Hi,
I'm just evaluating what best to use for a distributed in-memory and
on-disk data storage system / NoSQL data store.
That is for instance:
- single master receiving writes => distributing them (the transaction
log) to a number of nodes synchronously and to all others asynchronously
- providing real ACID transactions (maybe locking database changes until
most (and we need to define what most means) nodes respond that they
wrote the value, as some nodes can simply fail / shutdown / whatever).
The old revisions can be read regardless of the lock.
- if the transaction on a node in the cluster fails send an event to a
queue to rollback the most recent revision (maybe if a .commit-file is
existing remove the most recent revision up to the latest committed).
- need to know on which node in the cluster a specific resource of a
database resides (indexes are always part of the resource).

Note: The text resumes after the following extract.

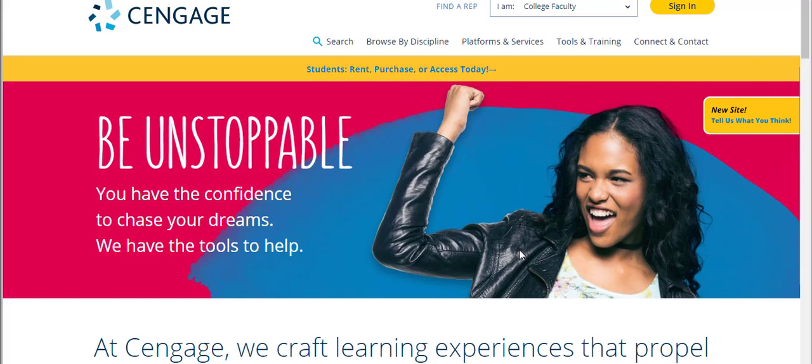To learn more about MindTap for personal finance or to try it out on your own, please contact your local learning consultant. You can find their information by going to www.cengage.com and choosing Find a Rep.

- sending events exactly once semantics maybe
- maybe multi-master replication between two master-nodes in different
networks (but that's maybe nice to have some time).
...
But I'm sure you know a lot more about all the problems in distributed
systems ;-)
As of now the storage system simply is on a single node (and the storage
engine very similar to how ZFS works internally with indirect blocks...
has been written from Scratch). I want to distribute it in the future to
provide horizontal scalability like MongoDB (without the eventual
consistency probably), CockroachDB, Cassandra...
I know it's not simple and likely needs a few years, but I think it's
doable :)
First, I guess replicating a resource in a database to a bunch of nodes
within a transaction, then look into partitioning and then how to ship
queries to specific nodes...
kind regards
Johannes
On 15.03.19 11:51, Ilya Kasnacheev wrote:
Hello!
Unfortunately, after re-reading your message several times, I still do
not understand:
- What did you actually do.
- Whether you have any questions for community.
- Whether you have any specific use cases to share.
Regards,
--
Ilya Kasnacheev
пт, 15 мар. 2019 г. в 11:19, Johannes Lichtenberger
<[email protected]
<mailto:[email protected]>>:
Hi,
as we are working with Ignite in the company I work for, basically
for
in-memory Grids and horizontal scaling in the cloud I guess Ignite is
also a perfect fit for adding replication/partitioning to a temporal
NoSQL storage system capable of storing revisions of both XML- and
JSON-documents (could also store any other kind of data) in a binary
format efficiently (https://sirix.io or
https://github.com/sirixdb/sirix
-- at least for the storage part itself). It started as a university
project, but now I'm really eager to put forth the idea of keeping
the
history of your data as efficiently as possible (minimal storage- and
query-overhead within the same asymptotic space and time
complexity as
other database systems, which usually do not keep the history -- for
instance through a novel sliding snapshot algorithm and copy-on-write
semantics at the per page / per record level, heavily inspired by
ZFS).
Maybe for the query plan rewriting (the AST of the query) and
distribution Apache Spark is better suited, but for distributing
transaction logs and executing transactions I think Ignite is the
way to go.
What do you think?
I just have to finish the JSONiq query language implementation, but
after releasing 1.0 in summer and stabilizing the core as well as
keeping the APIs stable (and defining a spec for the binary
representation, saving some space in page-headers for future
encryption
at rest for instance) I'm eager to work on clustering for Sirix :-)
Oh and if you're interested, go ahead, clone it, download the Zip,
the
Docker image, whatever and let me know what you think :)
kind regards
Johannes